Producer and writer Steven Moffat wisely doesn’t keep the new Doctor on the sidelines for his first story, allowing viewers a chance to get to know Matt Smith as the 11th Doctor and to learn a bit about his character. In the spirit of some of the earliest post-regeneration stories, the new Doctor still feels some after effects of the change that has just taken place but they don’t overwhelm him, putting him on the sidelines for large periods of time as we saw with David Tennant.

Smith effortlessly slips into the role of the 11th Doctor, creating a fascinating persona for the Doctor that is equal parts mysterious and familiar and compellingly watchable. Any fears that most fans have in the wake of David Tennant’s departure from four years of successful work on the show will be quickly dissipated. Watching Smith work here, it’s easy to see why Moffat and the BBC chose him for the role.

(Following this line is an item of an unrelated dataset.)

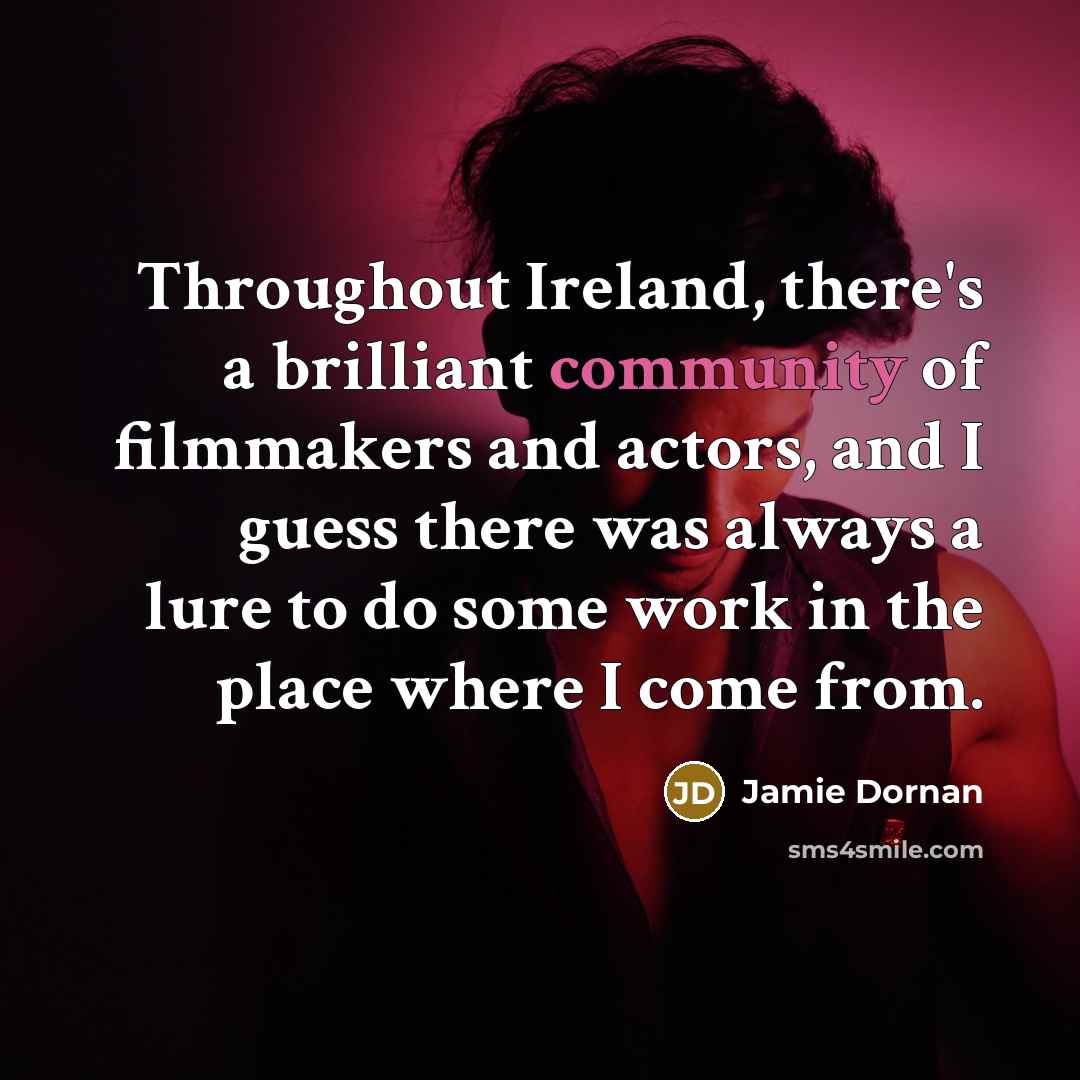 “Throughout Ireland, there's a brilliant community of filmmakers and actors, and I guess there was always a lure to do some work in the place where I come from.” quote by Jamie Dornan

Equally good is Karen Gilliam as new companion Amy Pond. Moffat takes an interesting twist in introducing us to Amy, allowing the story to be just as much about Amy as it is about the new Doctor. It’s not quite as companion centric as “Rose” was five years ago, but the storyline works well enough so that by the end of the hour viewers will have an idea of just who these character are and be eager to travel with them through time and space for the next several months.

Moffat’s scripts have always been less bursting at the seams that Davies and that new sensibility shows here. The story begins with the new Doctor meeting a young Amy Pond and trying to determine why she’s so afraid of a crack in the wall of her bedroom...and also what his favorite food might be. The Doctor's investigation of the crack in the wall is unfortunately cut short due to the sounding of the cloister bell, always a portent of doom.Forced back to the TARDIS , the Doctor promises to return quickly, only to not turn up again for a dozen years.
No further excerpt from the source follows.